05/11/11 - Doug Casey on Civil War, Past and Potential

Doug Casey on Civil War, Past and Potential
(Interviewed by Louis James, Editor, International Speculator)
L: So Doug, we’re on the cusp of a major turning point of U.S. Federal Reserve policy. “QE or not QE?”, that is the question. What do you think, is The Bernanke going to pull the handle on the toilet he’s thrown the dollar into, or let it mellow for a while?
Doug: I think he’ll be forced to pull the handle, and create trillions more dollars. The government has over a trillion of debt it has to roll over in the months to come, plus it has to finance a trillion-dollar deficit – at a minimum.
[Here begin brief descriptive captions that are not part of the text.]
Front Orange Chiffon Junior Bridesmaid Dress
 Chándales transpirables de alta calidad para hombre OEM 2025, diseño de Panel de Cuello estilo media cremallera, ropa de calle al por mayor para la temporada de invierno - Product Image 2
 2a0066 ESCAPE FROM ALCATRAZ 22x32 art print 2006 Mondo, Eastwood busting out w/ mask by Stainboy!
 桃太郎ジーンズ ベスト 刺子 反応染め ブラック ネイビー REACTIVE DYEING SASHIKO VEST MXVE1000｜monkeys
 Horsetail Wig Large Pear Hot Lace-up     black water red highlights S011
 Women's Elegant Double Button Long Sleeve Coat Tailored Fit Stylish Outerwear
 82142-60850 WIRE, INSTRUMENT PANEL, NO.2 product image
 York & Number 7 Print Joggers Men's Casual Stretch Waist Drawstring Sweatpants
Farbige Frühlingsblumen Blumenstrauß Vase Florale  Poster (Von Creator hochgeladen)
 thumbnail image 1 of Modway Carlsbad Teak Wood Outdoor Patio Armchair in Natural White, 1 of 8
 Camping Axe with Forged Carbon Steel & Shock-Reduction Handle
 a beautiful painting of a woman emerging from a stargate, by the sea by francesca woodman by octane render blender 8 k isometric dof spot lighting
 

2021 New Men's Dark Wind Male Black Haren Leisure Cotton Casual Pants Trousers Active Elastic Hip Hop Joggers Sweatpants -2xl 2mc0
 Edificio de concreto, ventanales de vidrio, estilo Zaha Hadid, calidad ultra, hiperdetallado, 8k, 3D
The Chinese and the Japanese want to get rid of the paper they have – they’re not going to buy more. The only logical buyer is the Fed, so the dollar’s fate is sealed, as far as I’m concerned. Meanwhile, there’s something else important on my mind I’d like to talk about: the U.S. so-called Civil War.
L: [Blinks] Ah… Okay. Why now?
Doug: Several reasons. For one thing, we’ve just passed the sesquicentennial, or 150th anniversary of its start. For another, it’s one of the most misunderstood events in American – and world – history, with consequences that still affect us today. And also, because we might be within a few years of seeing trouble on that level in the U.S. again.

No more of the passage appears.